Professor Doutor Alberto Sá e Mello, consultor jurídico da CCP, foi o orador desta sessão que contou com uma plateia com mais de 50 pessoas, no auditório da ACIRO.

O professor explicou quais as alterações deste novo regime focando-se no arrendamento urbanos para fins não habitacionais.  

aplicação do tempo, a quem e a que se aplica, duração dos contratos, actualização de rendas, prazos para propor e contrapropor, foram alguns itens aprofundados pelo Doutor Sá e Mello.

Segundo a explicação do mesmo, este Novo Regime do Arrendamento Urbano (NRAU) aplica-se a todos os contratos celebrados anteriores a 5 de Outubro de 1995.

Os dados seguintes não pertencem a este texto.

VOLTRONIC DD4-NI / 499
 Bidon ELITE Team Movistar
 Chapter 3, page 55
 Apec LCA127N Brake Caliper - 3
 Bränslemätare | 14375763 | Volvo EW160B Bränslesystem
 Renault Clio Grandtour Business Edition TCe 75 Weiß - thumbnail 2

A actualização de rendas "começa com uma proposta do senhorio, em que propõe a renda sem ter limite, ou seja, pode pedir o que quiser, o tipo, a duração do contrato e o valor do locado nos termos do código do IMI”. Após a proposta do senhorio o arrendatário tem 30 dias para responder, e este poderá fazer uma das quatro seguintes opções: “aceitar a proposta do senhorio e o contrato é submetido ao NRAU no primeiro dia do segundo mês seguinte; opor-se à renda, tipo e duração do contrato; denunciar (pôr fim ao contrato), com efeito de prazo de dois meses; ou, opor-se invocando uma das seguintes circunstâncias – que naquele locado existe um estabelecimento comercial aberto ao público e que é uma micro-entidade; existe uma associação sem fins lucrativos; ou, que é uma república de estudantes”, explicou Sá e Mello.

 

Continuando, “se o arrendatário invocar uma destas quatro circunstâncias o contrato só fica submetido ao NRAU mediante acordo entre o senhorio e o arrendatário ou, na falta de acordo, decorridos cinco anos”.

 

“Se o arrendatário se opor ao valor da renda, tipo ou duração do contrato, pode sempre contrapor”, esclareceu o professor . Se o senhorio aceitar ou não responder “fica o que o arrendatário propôs, com tipo e prazo acordado no prazo de cinco anos”. Mas se o senhorio não aceitar o valor  proposto pelo arrendatário pode fazer uma das seguintes escolhas: “terminar o contrato pagando uma indemnização correspondendo a cinco anos da renda média das propostas; ou actualizar a renda tendo como limite máximo o valor anual correspondendo a 1/15 avos do valor do locado, e neste caso o contrato terá prazo de cinco anos”.

 

A ACIRO irá desenvolver mais duas sessões de esclarecimento sobre esta matéria no Sobral de Monte Agraço no dia 7 de Novembro e na Lourinhã no dia 8 de Novembro, sendo a oradora a Dra. Paula de Sousa, consultora jurídica da associação.